Inside the 'Sixties:
What Really Happened
On An International Scale
NOTE: The material in this section was written
during the early and mid 'Seventies when it was still quite
fresh in the minds of Alex and Ilene and is also based upon
their large collection of 'Sixties documents. For
further information, see the book outline by clicking here.

Reflections of A "Person"
New York, 1969—71
By Ilene Astrahan Gross

(Publication Pending!!!)


Important Notice Pending Publication

This may be your last chance to read or download chapters appearing on this website. Once publication takes place, it is likely that some or all of these chapters will be abridged or deleted to encourage sales of the book, which will total 55 chapters rather than the mere dozen found here.

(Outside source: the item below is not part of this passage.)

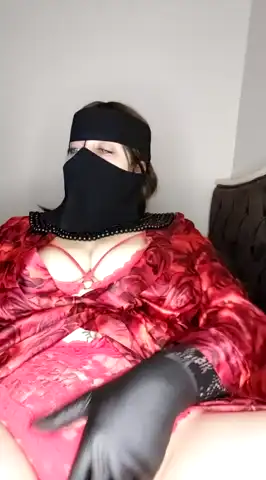 Queen_amina – Stripchat Video Stream Recording – 2026-01-17 04:44:18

I'm writing this chapter because, so far as I'm concerned, almost everything that has been written so far by and about the women's movement, pro and con, by women or men, has been pretty much nonsense. At least I've never been able to see myself in most of it. I'm not saying feminism hasn't had its good points—in fact I'd be inclined to support it on a lot of individual issues, and I look forward—writing in 1975—with some curiosity to seeing how the Equal Rights Amendment will work out in practice, when and if it is passed. But I think an awful lot of the noise and effort has been ill-defined, contradictory, and probably self-defeating in the long run. Since some of the most vocal opponents of the women's movement turn out to be other women, it ought to be pretty clear that something has gone wrong somewhere.

My first contact with the women's movement came when Alex was busy holding the Art Workers Coalition together. I used to go to most of the Coalition meetings, and when the women's group, originally run by Juliette Gordon, started up, I was asked to attend meetings. The group was called WAR, or "Women Artists in Revolution." It was assumed I would want to attend simply because I was a woman. And because I was a woman, it was also assumed that I had all sorts of grievances against men which I wanted to air. I didn't necessarily go along with any of these assumptions, and I didn't like the way they were being assumed. But I went to several of the early meetings, mainly out of a sense of obligation.

I cannot tell you how square most of the women at these meetings were and how boring it was sitting there. And this was Greenwich Village in the swinging Sixties! A lot of the people there even had pretensions to being avant-garde or artists or something. Most of them had no imagination, no verve, no real ideas. We just sat there re-digesting things we had heard elsewhere. Basically, it was all just a bitching session, a long dreary kvetch about how bad we women had it. If this was supposed to be consciousness-raising, I decided I'd keep my consciousness as low as I could.

I soon became aware that hardly any of the women in the group had ever held a job or been self-supporting. A number of them were married and seemed to have wealthy husbands. And almost all of them had kids. They were all bored stiff with their lives, or so they said. And I also got the impression that many of them were not enjoying the fullest of sex lives.

None of this applied to me. I have had exhibits of my work as a painter, a sculptor, and a jewelry maker. I had been using acetylene torches, grinding wheels, and other tools normally employed by men since I was eighteen. Except for one experience, which I will relate, it had never occurred to me that I was being subjected to any kind of discrimination because I was a woman. I have been self-supporting most of my life, and Alex and I have taken turns helping each other as the going got rougher or easier in our different fields.

I have never seen myself as having children, and I don't now. In fact, I think this was one of the big victories of the 'Sixties, that a woman is now more or less allowed to admit that she doesn't want children, even if people still aren't overjoyed about it. You didn't even dare mention the subject during the 'Fifties. Even during the 'Sixties a lot of the women in our group obviously weren't ready for it.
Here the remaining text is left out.